Cache-Control: public, max-age=1024000 The Newgate Calendar: William Hitchin

WILLIAM HITCHIN

Transported for Seven Years for stealing an Exchequer Bill, September, 1810

AT the sessions at the Old Bailey, September, 1810, this man, an old offender, better known in London as the celebrated Bill Hitchin, was tried before a London jury, for having, in the month of July, 1806, stolen from the warehouse of Messrs Kent, London Wall, upholsterers, one Exchequer bill, of the value of one hundred pounds.

It appeared that the warehouse of the prosecutors was burglariously broken open, and plundered of various property, to the amount of several hundred pounds, at the period above mentioned, and no trace of the robbers could be obtained till two years afterwards, when the prisoner, being apprehended in the county of Warwick for an offence committed there, was being searched, and the Exchequer bill mentioned in the indictment was found upon his person. Having been convicted of the crime at that time imputed to him, and suffered imprisonment for the same, there was no opportunity of bringing him up for trial here till the period of his imprisonment in Warwick jail had expired. That having lately taken place, he was now put to the bar to answer to this charge.
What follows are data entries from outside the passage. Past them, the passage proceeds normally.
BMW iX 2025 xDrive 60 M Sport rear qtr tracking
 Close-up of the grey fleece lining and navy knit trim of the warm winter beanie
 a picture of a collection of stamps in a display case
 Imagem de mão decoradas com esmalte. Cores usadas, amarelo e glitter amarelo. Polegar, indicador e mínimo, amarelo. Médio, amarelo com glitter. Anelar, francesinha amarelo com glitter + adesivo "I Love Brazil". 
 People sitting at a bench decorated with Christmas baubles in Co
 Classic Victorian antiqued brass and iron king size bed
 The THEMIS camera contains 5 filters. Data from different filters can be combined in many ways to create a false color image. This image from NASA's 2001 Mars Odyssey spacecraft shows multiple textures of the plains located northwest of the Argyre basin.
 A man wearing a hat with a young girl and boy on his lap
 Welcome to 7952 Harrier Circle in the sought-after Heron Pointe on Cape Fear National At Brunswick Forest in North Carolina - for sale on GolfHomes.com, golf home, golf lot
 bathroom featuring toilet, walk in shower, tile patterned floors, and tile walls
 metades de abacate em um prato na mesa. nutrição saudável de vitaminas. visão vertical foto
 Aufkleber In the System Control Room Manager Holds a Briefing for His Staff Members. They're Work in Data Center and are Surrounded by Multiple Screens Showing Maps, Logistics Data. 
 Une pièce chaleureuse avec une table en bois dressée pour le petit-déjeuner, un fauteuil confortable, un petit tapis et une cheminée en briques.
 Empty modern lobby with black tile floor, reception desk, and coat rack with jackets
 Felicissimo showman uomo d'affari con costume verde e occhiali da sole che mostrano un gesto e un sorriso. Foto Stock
The case being gone through on the part of the prosecution, Mr Alley, his counsel, submitted that it was not made out according to law against the prisoner: that the indictment having stated that the prisoner had stolen an Exchequer bill, it was incumbent on the prosecutor to prove that it was an Exchequer bill, which he failed to do. The Court, however, overruled the objection, and the prisoner was found guilty. It being a grand larceny, the prisoner had his clergy, but was sentenced to seven years' transportation.